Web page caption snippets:
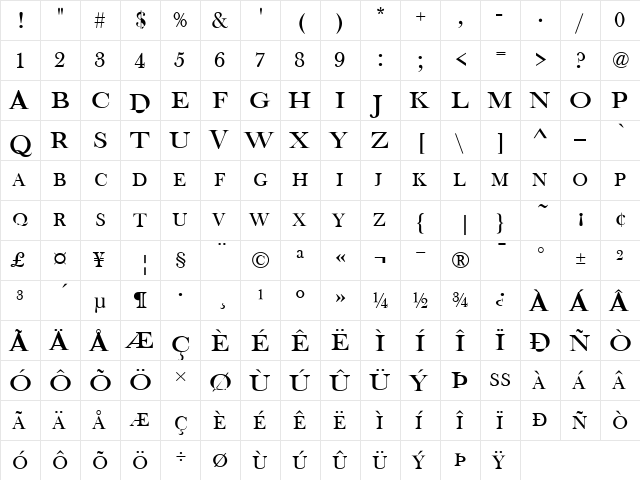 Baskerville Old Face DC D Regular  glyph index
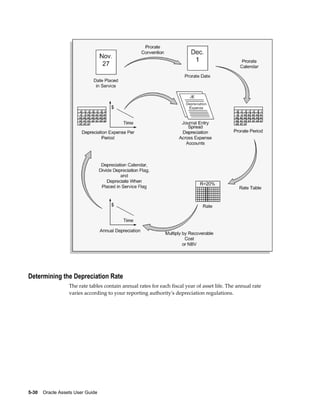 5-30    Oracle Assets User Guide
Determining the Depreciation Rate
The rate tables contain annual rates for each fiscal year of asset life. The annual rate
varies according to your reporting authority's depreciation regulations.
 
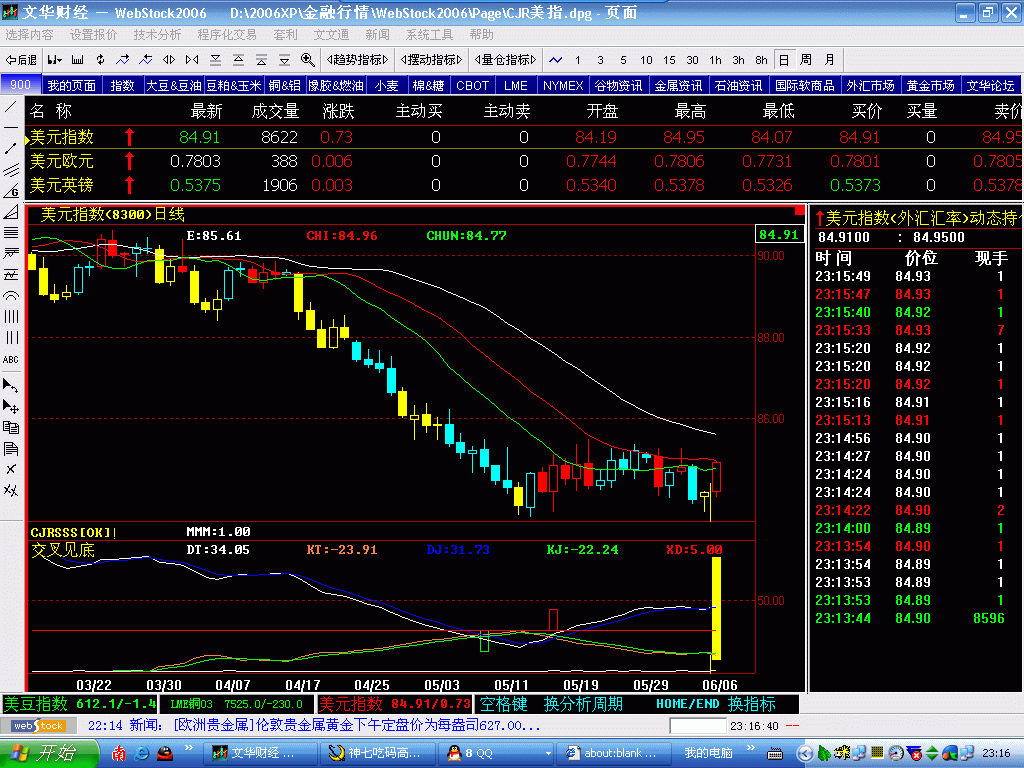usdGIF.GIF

==

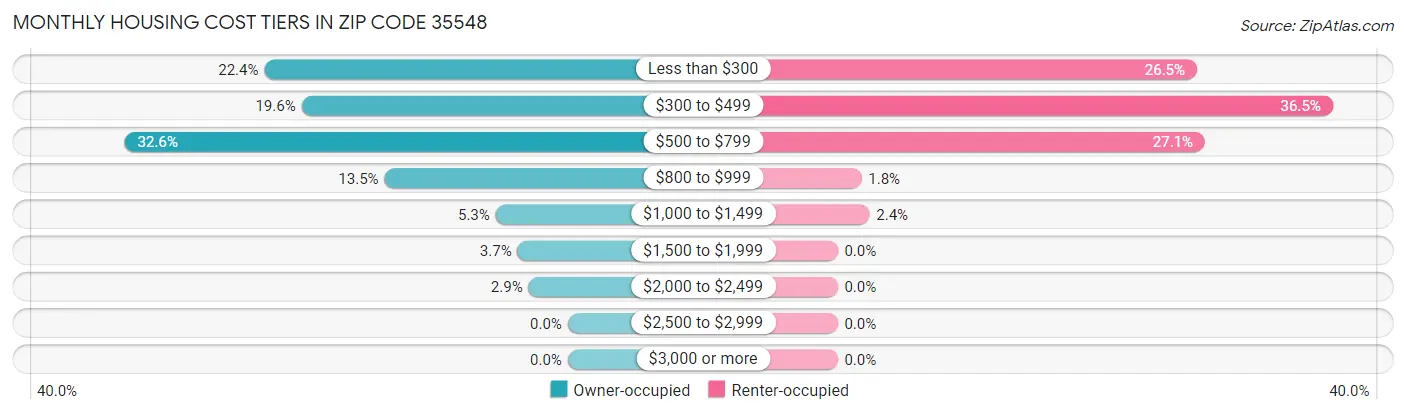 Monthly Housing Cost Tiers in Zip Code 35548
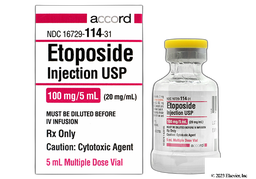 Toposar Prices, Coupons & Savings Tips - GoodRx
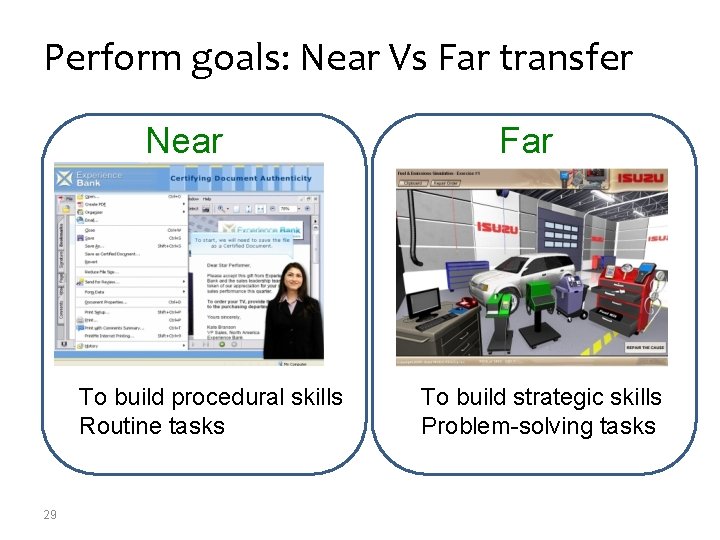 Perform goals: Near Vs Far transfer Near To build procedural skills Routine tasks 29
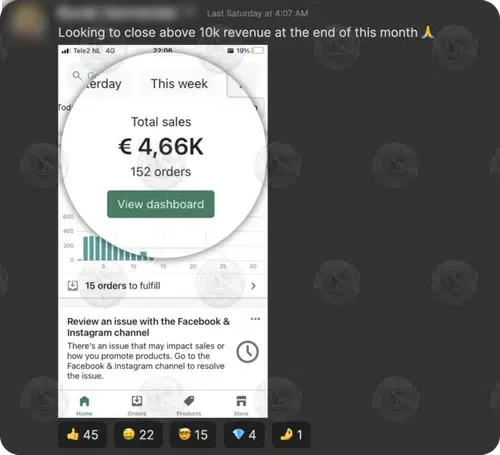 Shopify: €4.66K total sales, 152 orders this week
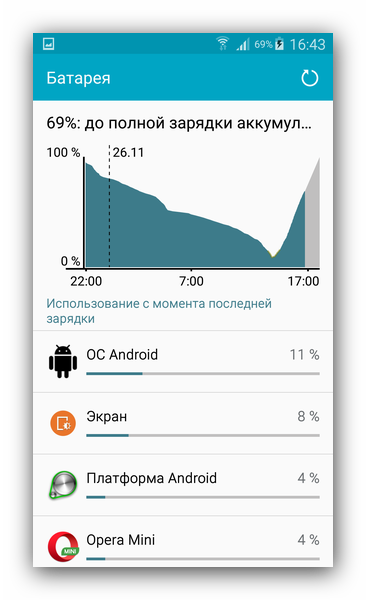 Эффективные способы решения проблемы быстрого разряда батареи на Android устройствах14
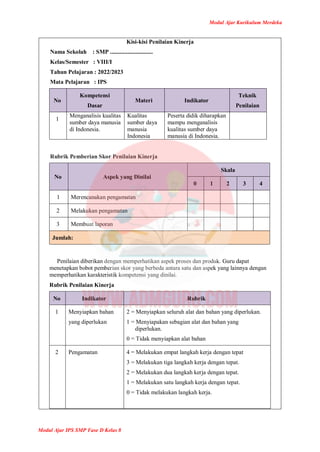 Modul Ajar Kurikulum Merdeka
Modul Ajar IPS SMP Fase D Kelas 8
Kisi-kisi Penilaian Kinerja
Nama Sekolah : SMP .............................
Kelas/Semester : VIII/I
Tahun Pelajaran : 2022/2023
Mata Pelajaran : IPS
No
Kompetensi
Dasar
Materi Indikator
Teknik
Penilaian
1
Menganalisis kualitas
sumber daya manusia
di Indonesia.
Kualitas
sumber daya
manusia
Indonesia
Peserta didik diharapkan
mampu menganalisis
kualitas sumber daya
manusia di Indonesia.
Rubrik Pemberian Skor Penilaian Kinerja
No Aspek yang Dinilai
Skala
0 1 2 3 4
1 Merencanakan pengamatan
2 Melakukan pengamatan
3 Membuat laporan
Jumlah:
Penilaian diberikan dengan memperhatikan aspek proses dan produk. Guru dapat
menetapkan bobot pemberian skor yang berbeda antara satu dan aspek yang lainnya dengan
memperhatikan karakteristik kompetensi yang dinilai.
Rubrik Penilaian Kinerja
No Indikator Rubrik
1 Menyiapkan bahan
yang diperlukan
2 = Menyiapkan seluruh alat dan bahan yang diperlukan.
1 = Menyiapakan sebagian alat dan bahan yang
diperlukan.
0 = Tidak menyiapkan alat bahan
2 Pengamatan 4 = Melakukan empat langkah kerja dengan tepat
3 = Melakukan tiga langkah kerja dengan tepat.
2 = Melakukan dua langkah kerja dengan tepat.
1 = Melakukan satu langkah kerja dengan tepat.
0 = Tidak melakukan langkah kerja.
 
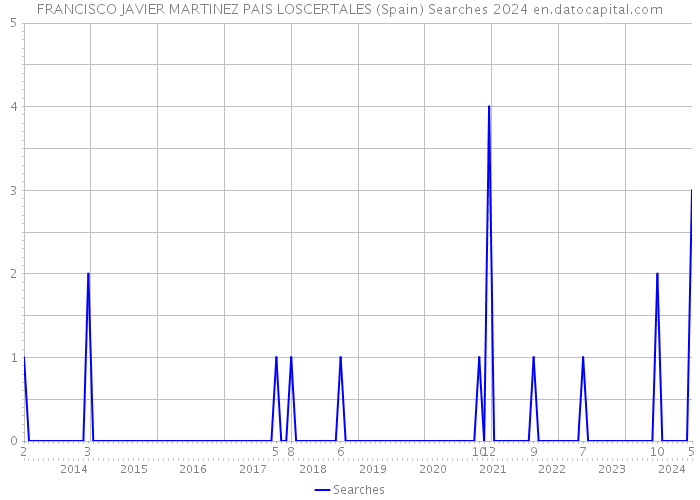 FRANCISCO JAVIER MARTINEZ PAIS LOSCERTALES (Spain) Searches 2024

* * *

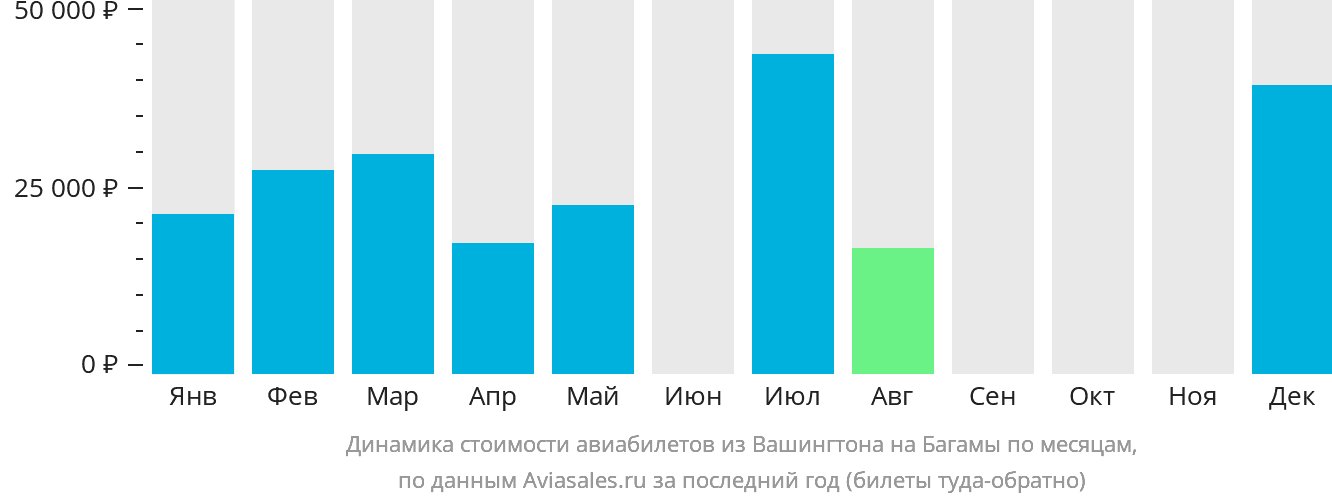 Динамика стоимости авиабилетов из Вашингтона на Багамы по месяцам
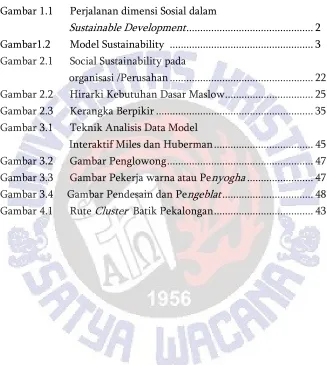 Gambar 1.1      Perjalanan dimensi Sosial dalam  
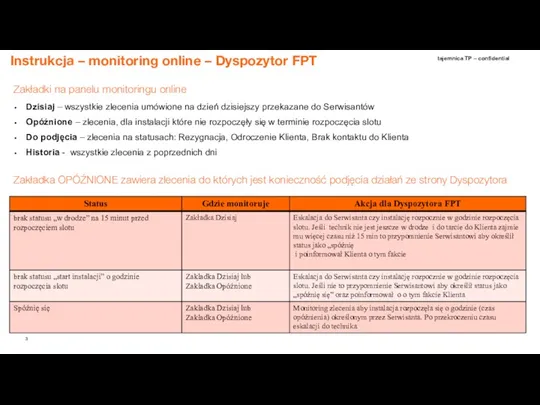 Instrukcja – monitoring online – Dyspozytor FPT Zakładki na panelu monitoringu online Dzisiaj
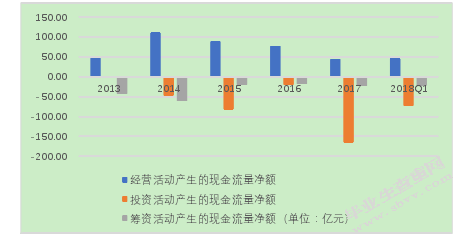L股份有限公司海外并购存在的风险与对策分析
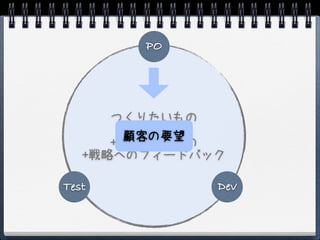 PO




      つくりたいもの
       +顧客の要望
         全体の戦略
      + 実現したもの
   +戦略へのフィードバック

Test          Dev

EXERCISE AIM: Search the records above for the string "Kelas". Report each line that has it.

SOLUTION TO THE PROBLEM:
Modul Ajar IPS SMP Fase D Kelas 8
Kelas/Semester : VIII/I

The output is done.